Level: Easy to Medium
Description: You work in the contracts department of a software company and are asked to detect fraudulent (or wrong) contracts based on their contract value. Given the PDF versions of the contracts, you need to extract their contract value (and, optionally, any other fields you find useful) and detect outliers among them. You can either use simpler outlier detection techniques, such as those based on statistics or visualization, or more advanced ones based on machine learning.
Author: Lada Rudnitckaia
Dataset: Contract data in the KNIME Community Hub
Solution Summary: After ingesting and processing the contracts in PDF format, and isolating their contract values, we identify outliers via IQR (interquartile range), and box plot and histogram visualizations. Through these techniques, two contracts seem to be fraudulent based on their unusually large values.
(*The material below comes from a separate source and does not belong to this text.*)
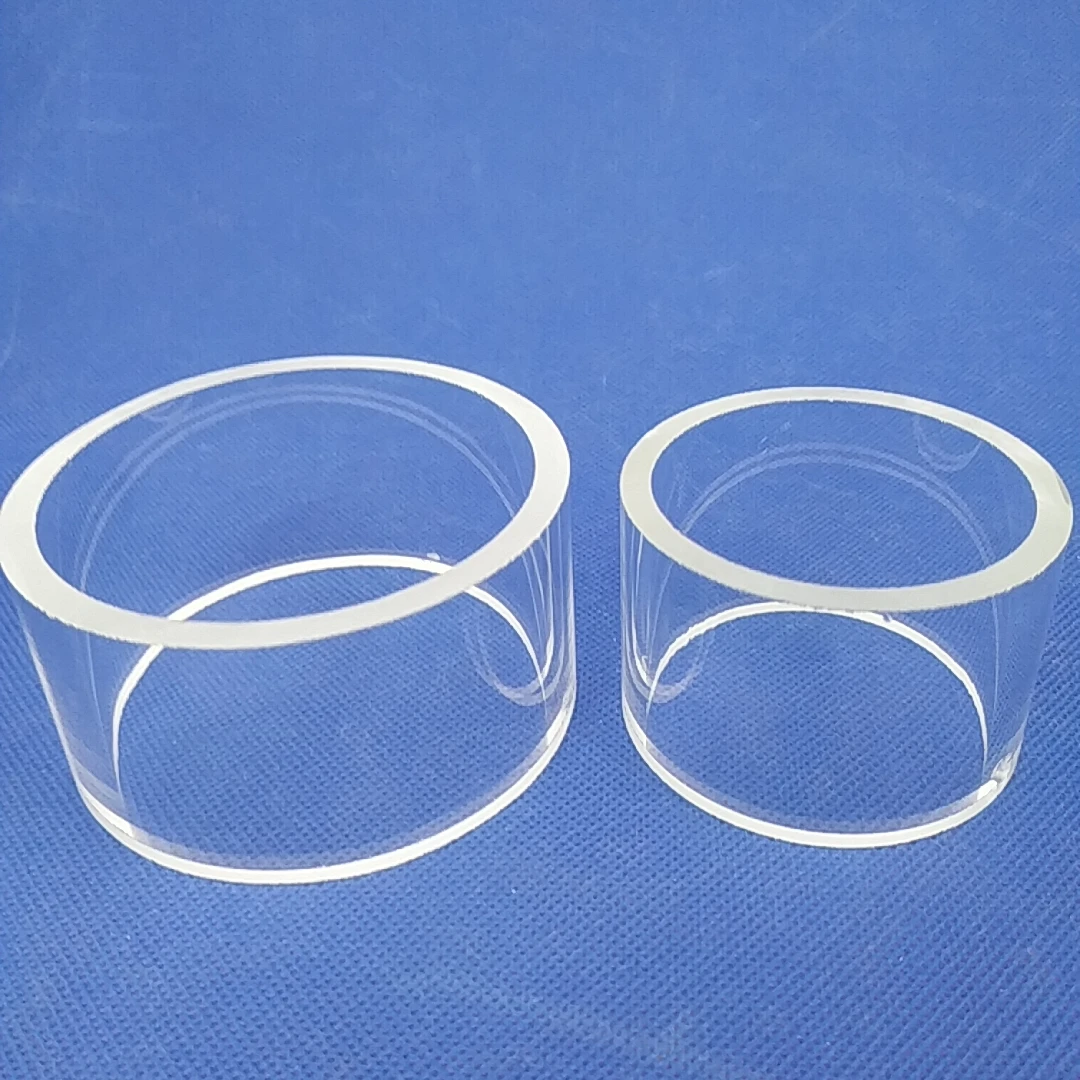 Cheap Soda Lime Glass Tube for Sale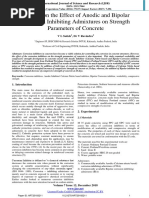 Study Bipolar and Cni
Solution Details: We start our solution by parsing the PDF contracts with the PDF Parser node. Next, the Document Data Extractor node extracts text from each PDF. In parallel, we use sequences of Cell Splitter nodes to isolate contractual information, including their values. We then use the Column Appender node to add these new columns with extracted information to the initial contract table, and apply the Table Manipulator node to filter out and rename columns. At this point of the workflow, we only keep information on contract IDs and their corresponding values. This simplified table is then sent to a component named Outliers Detection, which uses a combination of nodes Numeric Outliers, Tile View, Box Plot, and Histogram nodes) to extract numeric outliers in different ways -- visually and statistically.
Level: Medium
Description: Did you know that August 2nd is International Beer Day? To celebrate one of the world’s oldest beverages, you are tasked with retrieving all worldwide brewery data from the OpenBreweryDB REST API, which provides data on the breweries in paginated responses. Build a loop that makes successive requests to each page of the API until all data is retrieved.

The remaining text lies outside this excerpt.